> [INSTRUCTIONS TO FOLLOW] Below are the records; print exactly the lines from the one with "Bob Esponja Temporada" through the last, both included, and leave the pictures out.

[Data excerpts]
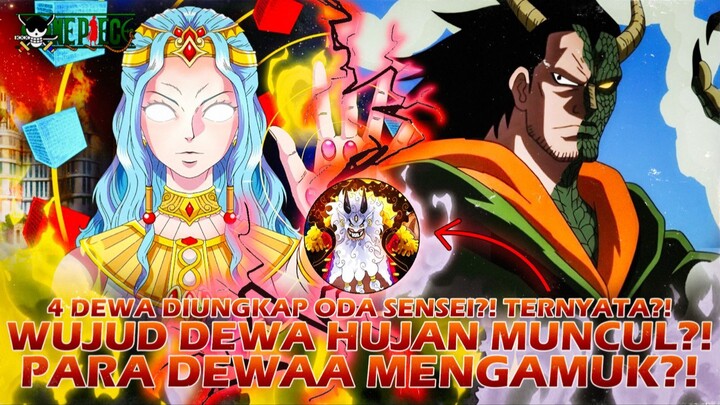 FULL ONE PIECE 1182: JOY BOY, LILY, DAN DRAGON TERHUBUNG?! SEMUA SIKLUS SEJARAH MULAI TERLIHAT!!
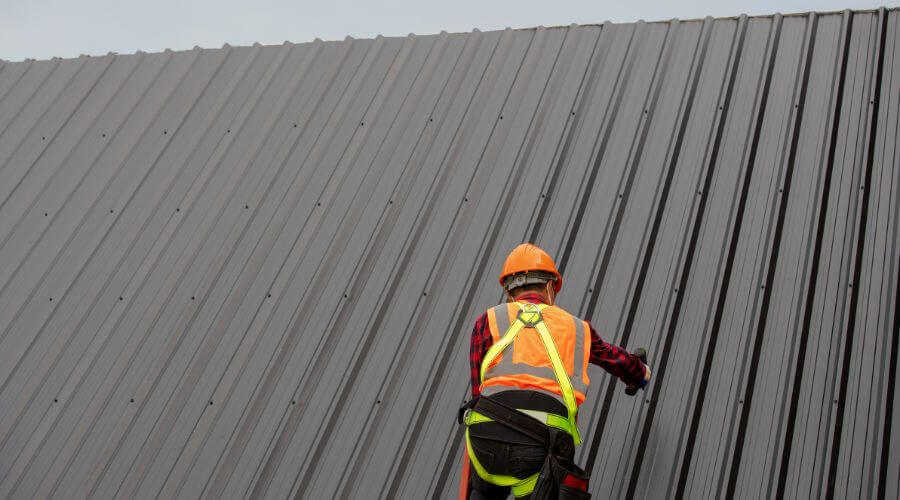 Professional Flat Roofing Installation in Gagetown, MI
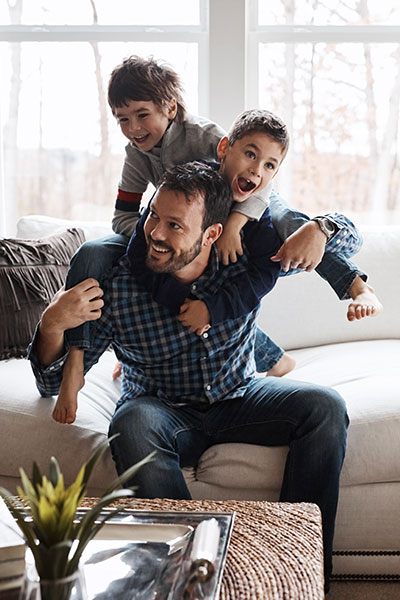 happy family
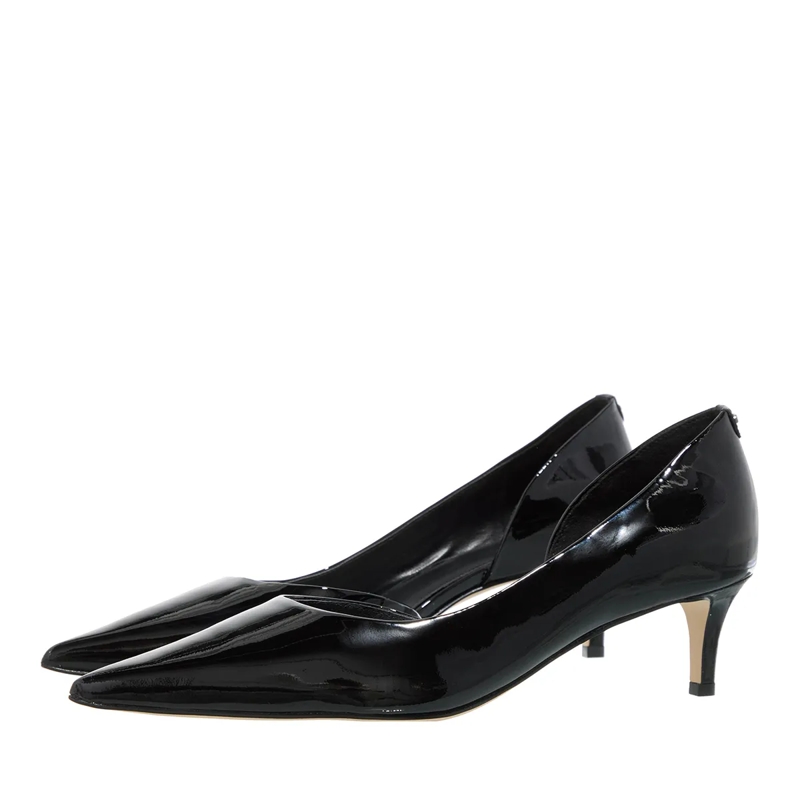 MICHAEL Michael Kors Pumps Elyse Kitten Pump Black(Image 3)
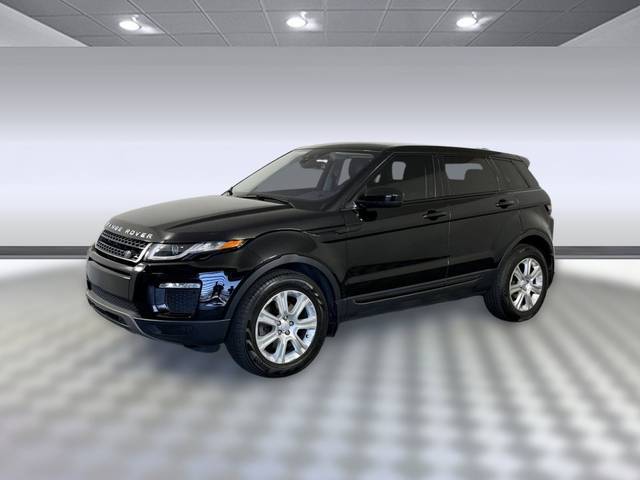 2018 Land Rover Range Rover Evoque SE 4WD photo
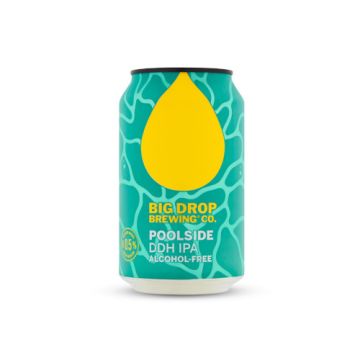 Big Drop Brewing Poolside DDH IPA 330ml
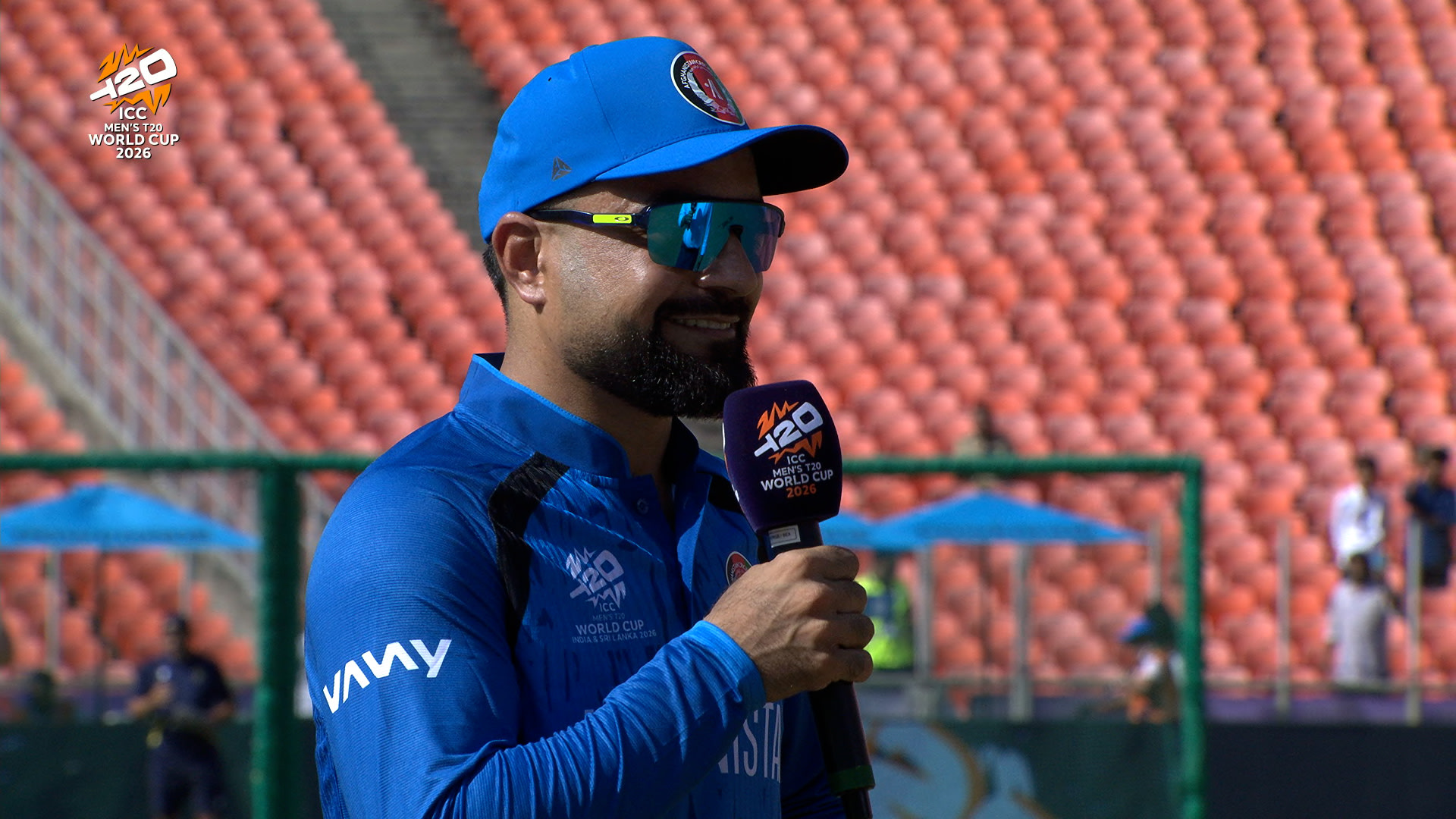 Noor Ahmed Is Back in: Rashid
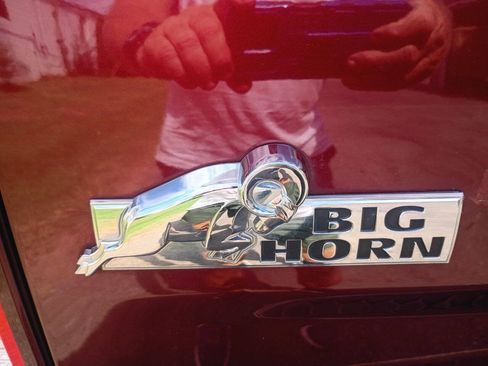 Used 2017 RAM 1500 Big Horn AWD/4WD image 20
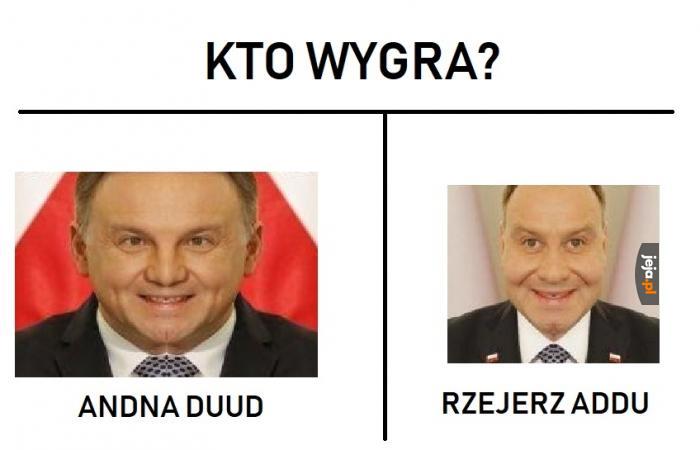 Kto wygra?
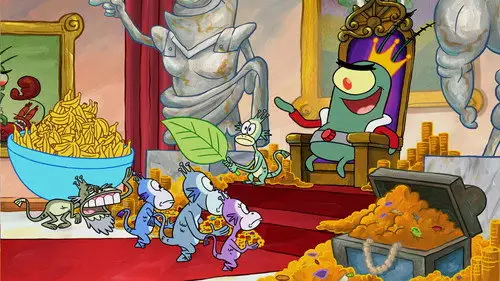 Bob Esponja Temporada 12 Episodios 4 • Sub Español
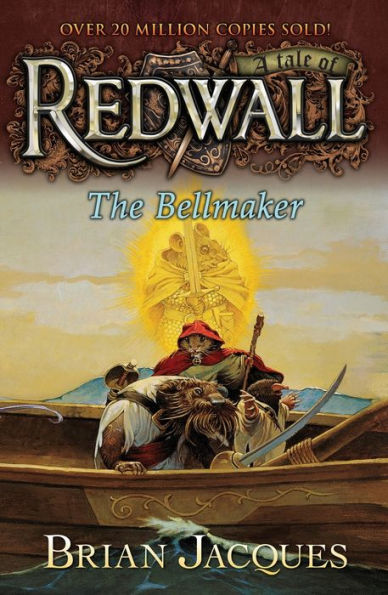 The Bellmaker (Redwall Series #7)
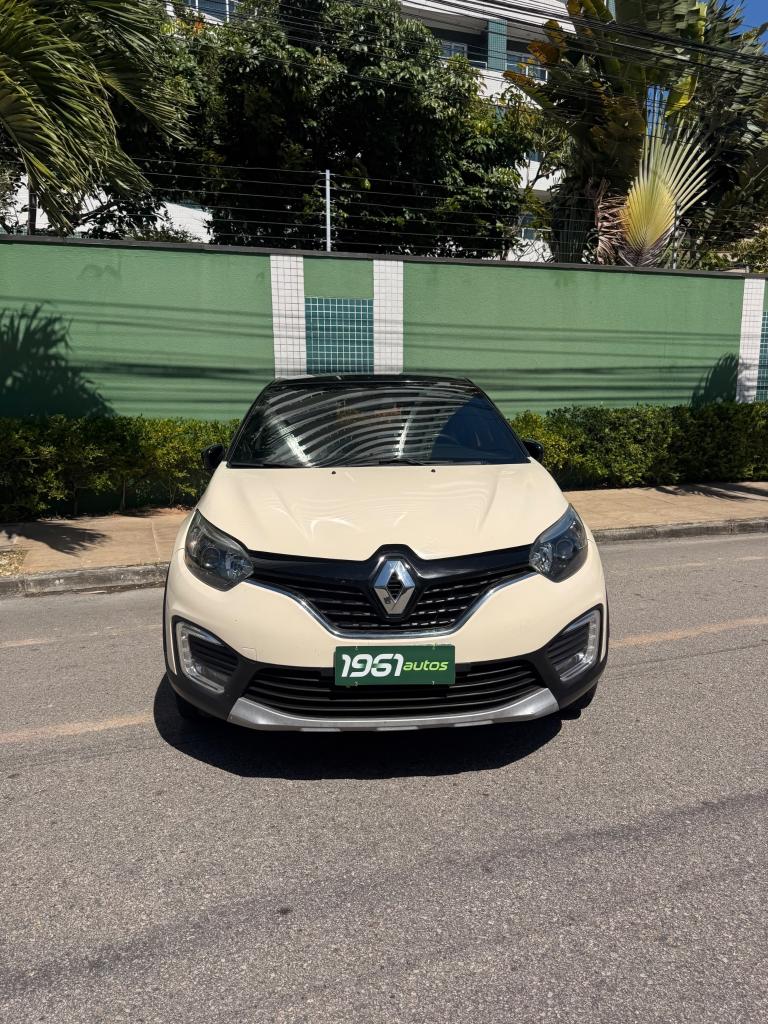 Renault Captur 2.0 16V HI-FLEX INTENSE AUTOMÁTICO 2020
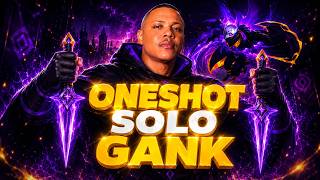 Albion Online | SOLO GANK PACIENTE ! | DEIXE UM SUPER CHAT PRA FORTALECER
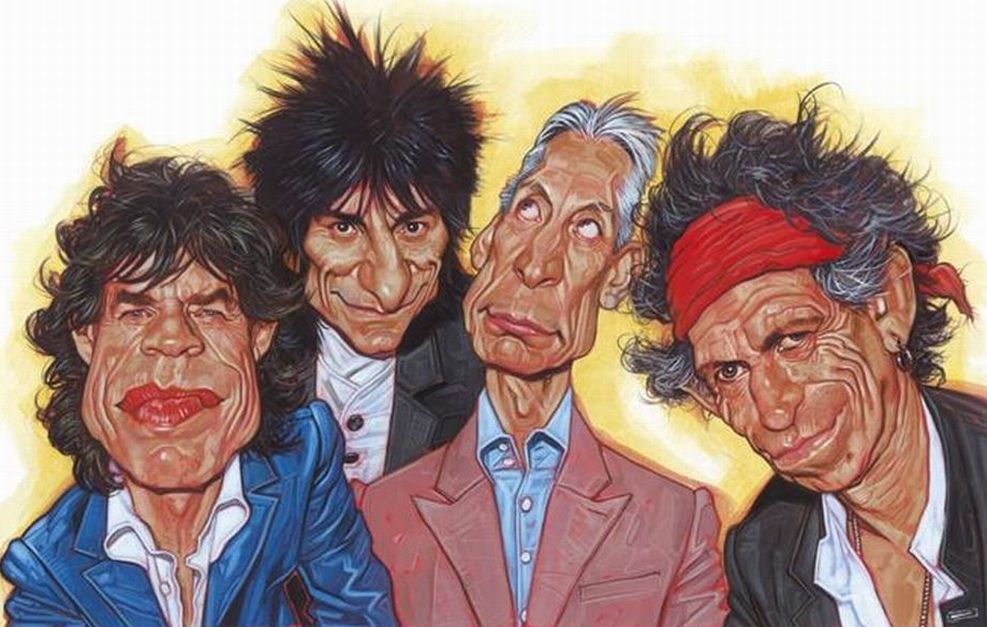    The Rolling Stones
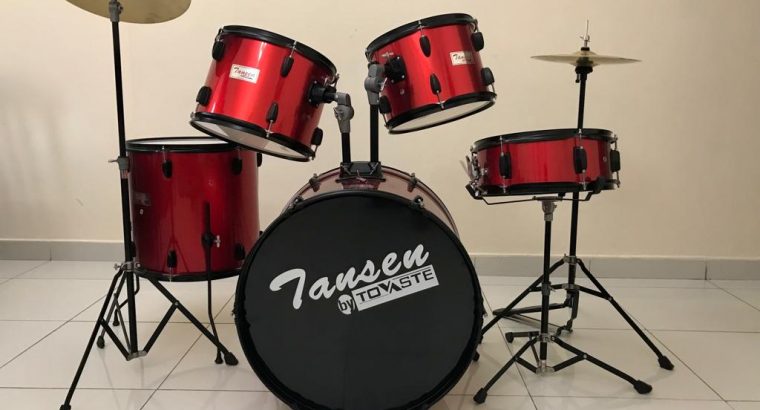 Tansen By Tovaste Drums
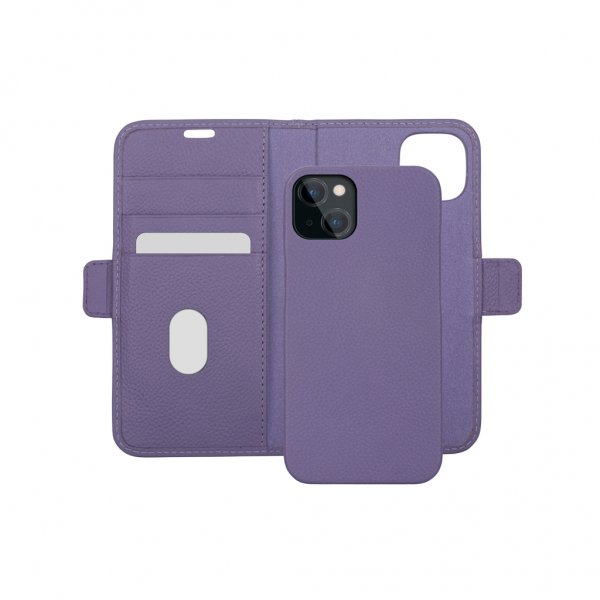 dbramante1928 iPhone 13 -kotelo New York Irrotettava kuori Daybreak Purple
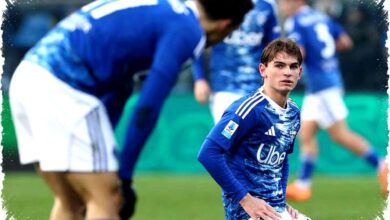 Paz Gagal Penalti Akhir, Como Ditahan Imbang Atalanta dengan 10 Pemain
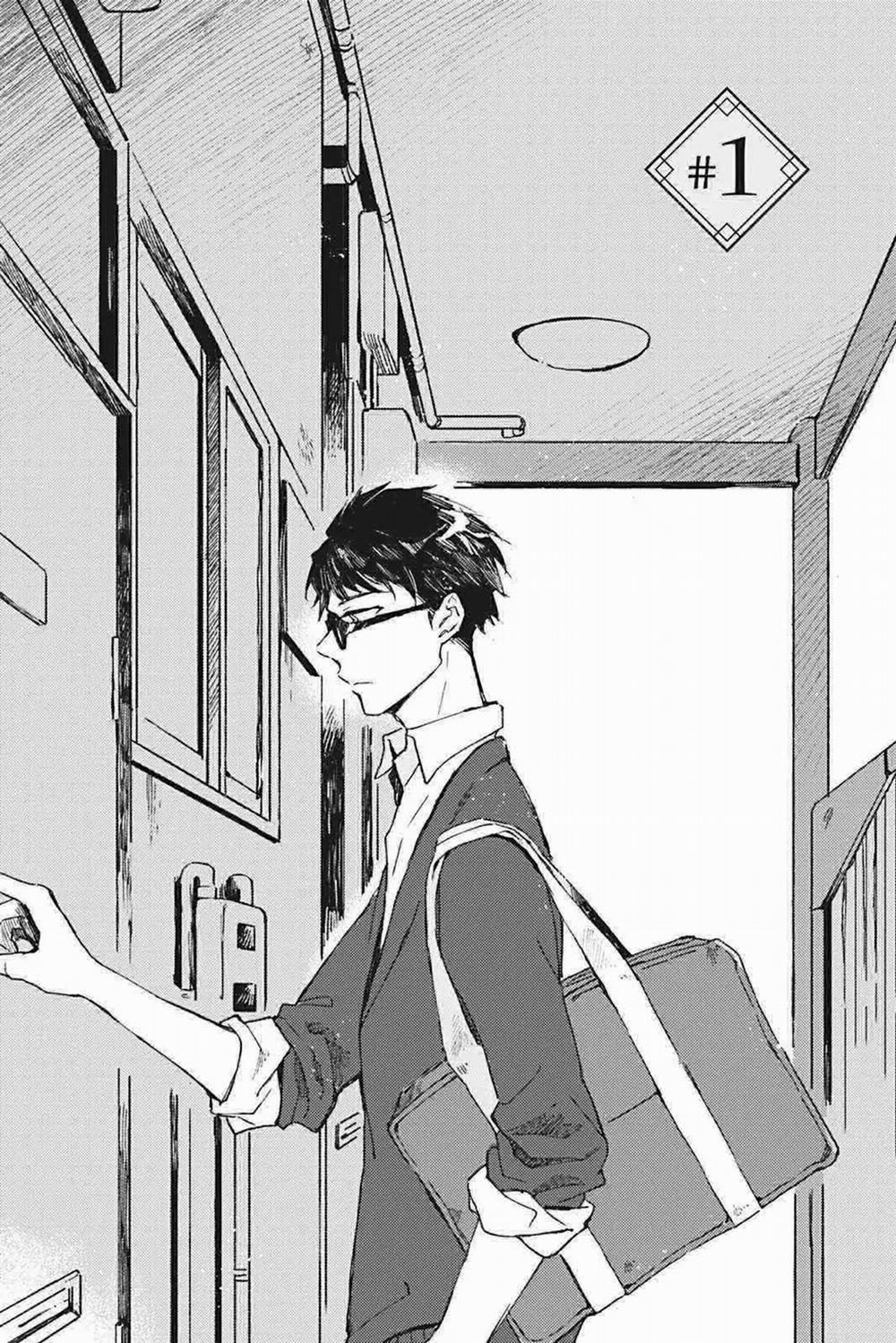 Glass Syndrome 1 trang 5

> [OUTPUT OF THE EXERCISE]
 Bob Esponja Temporada 12 Episodios 4 • Sub Español
 The Bellmaker (Redwall Series #7)
 Renault Captur 2.0 16V HI-FLEX INTENSE AUTOMÁTICO 2020
 Albion Online | SOLO GANK PACIENTE ! | DEIXE UM SUPER CHAT PRA FORTALECER
    The Rolling Stones
 Tansen By Tovaste Drums
 dbramante1928 iPhone 13 -kotelo New York Irrotettava kuori Daybreak Purple
 Paz Gagal Penalti Akhir, Como Ditahan Imbang Atalanta dengan 10 Pemain
 Glass Syndrome 1 trang 5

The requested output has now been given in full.